Look at O.J. If he got the urge to decapitate his ex-wife today, do you think he could be on a plane to Chicago before the bodies were even found? Now, you can’t even heist some old footballs without leaving enough documentation behind to fuel a Ken Burns miniseries. What kind of sentence, if any, O.J. will get for the allegedly armed room service he provided at the Palace Station won’t be settled until the hot, righteous tears of Geraldo Rivera melt a new shipping route through the Arctic Ocean, but at least one thing’s for certain already: Even Johnny Cochran couldn’t rhyme his way out of the audiotape and security-camera footage that place O.J. and his goons at the scene of Ocean’s 14: Nordberg’s Revenge.

What was the Juice thinking when he decided to commit unilateral memorabilia exchange in the only city in the world that’s monitored more intimately than Jenna Jameson’s pleasure flue? Probably the same thing as Britney Spears. When the semi-dormant superstar appeared onstage at the Palms Casino for her triumphant MTV comeback, a nation gasped at her scandalously befleshed pelvic girdle and dead-on impression of a 35-year-old stripper losing her will to live one bored hip-grind at a time as a Britney Spears song plays poignantly in the background. Had Pfizer introduce some new bacon-flavored version of Xanax? Was the David Lee Roth Fright Wig Boutique having a pre-Halloween clearance sale on pre-owned hair-extensions?

How could she possibly go on live TV looking like that?

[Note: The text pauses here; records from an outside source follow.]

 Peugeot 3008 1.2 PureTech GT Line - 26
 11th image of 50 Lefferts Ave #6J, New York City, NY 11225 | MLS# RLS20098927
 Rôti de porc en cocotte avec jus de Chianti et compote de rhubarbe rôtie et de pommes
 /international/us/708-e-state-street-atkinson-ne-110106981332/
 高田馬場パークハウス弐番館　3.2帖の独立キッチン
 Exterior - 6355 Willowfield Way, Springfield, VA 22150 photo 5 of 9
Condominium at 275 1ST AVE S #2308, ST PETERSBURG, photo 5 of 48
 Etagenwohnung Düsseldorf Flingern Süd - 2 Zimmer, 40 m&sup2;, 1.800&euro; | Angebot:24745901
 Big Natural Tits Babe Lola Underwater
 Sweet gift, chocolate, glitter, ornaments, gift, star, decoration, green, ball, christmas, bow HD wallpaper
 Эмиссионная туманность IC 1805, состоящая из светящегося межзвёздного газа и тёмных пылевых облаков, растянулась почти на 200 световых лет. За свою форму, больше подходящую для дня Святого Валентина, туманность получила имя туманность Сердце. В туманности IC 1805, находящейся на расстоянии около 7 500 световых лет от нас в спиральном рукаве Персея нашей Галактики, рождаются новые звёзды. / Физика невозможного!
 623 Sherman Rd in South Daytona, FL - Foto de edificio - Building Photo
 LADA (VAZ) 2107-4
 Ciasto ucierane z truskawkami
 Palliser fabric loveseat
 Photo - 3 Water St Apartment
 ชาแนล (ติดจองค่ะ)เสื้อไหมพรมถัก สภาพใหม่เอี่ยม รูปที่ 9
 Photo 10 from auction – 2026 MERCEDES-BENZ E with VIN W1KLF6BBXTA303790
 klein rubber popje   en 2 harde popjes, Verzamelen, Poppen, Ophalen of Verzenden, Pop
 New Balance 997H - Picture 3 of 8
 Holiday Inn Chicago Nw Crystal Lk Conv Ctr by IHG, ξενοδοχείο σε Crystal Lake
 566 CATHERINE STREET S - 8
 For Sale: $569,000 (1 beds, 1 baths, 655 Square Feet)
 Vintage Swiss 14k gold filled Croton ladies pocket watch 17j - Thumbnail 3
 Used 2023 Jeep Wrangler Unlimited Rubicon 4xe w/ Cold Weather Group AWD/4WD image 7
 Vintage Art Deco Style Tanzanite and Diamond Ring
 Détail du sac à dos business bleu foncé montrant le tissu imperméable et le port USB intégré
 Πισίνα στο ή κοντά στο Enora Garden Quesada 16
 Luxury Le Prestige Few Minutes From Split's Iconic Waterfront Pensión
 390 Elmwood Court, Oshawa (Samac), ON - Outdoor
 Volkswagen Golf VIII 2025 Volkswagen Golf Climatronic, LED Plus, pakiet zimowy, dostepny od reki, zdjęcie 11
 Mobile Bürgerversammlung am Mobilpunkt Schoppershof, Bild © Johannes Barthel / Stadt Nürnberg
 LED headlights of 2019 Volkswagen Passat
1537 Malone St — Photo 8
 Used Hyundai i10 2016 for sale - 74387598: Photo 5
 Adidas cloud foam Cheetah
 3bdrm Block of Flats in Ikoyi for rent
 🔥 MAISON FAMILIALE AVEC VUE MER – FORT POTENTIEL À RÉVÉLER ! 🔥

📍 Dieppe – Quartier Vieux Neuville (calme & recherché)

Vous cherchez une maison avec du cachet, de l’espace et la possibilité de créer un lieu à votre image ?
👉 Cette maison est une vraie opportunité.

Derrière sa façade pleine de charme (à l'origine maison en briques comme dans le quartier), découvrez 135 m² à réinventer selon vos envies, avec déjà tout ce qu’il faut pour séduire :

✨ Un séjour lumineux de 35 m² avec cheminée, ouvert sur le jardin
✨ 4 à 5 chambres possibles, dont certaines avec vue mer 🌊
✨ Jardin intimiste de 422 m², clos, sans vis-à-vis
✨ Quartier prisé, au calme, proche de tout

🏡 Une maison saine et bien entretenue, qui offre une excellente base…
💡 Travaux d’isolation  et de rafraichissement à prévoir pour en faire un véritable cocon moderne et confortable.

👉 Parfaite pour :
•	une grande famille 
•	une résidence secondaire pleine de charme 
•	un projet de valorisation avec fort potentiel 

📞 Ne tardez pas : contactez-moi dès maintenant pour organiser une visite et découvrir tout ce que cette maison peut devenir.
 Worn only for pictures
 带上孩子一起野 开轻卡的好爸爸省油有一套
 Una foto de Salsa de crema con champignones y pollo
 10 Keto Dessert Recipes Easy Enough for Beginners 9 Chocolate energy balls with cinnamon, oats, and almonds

Lost in all the snarky trash-talking was a simple, startling fact: This was actually Spears’ greatest public performance in years! Yes, she wasn’t quite as trim as she was in her To Catch a Predator prime. Yes, each episode of Don’t Forget the Lyrics features more people who know the words to her songs better than she does. But at least she didn’t hit-and-run someone’s car as she dirty-wobbled around the stage like a deer caught in the headlights of thermonuclear fame. At least her famously extroverted vagina stayed tastefully sheathed in a modest pair of sequin-studded whore-pants.

For the last 10 years, every moment of Spears’ life has been show time—whenever she steps outside, there are as many cameras aimed at her as there were at the Palms. Under such conditions, apparently, resentment shifts to indifference, then indifference morphs into a kind of bemused despair. Why strive for perfection—or even competence—when you know that eventually the cameras are going to capture you doing something stupid, looking awful, behaving dishonorably? Look at the weary, shit-nibbling smirk on O.J.’s face in his latest mug shot. “Big deal, you got me,” it says. “You’ve been watching me 13 years now. What took you so long?”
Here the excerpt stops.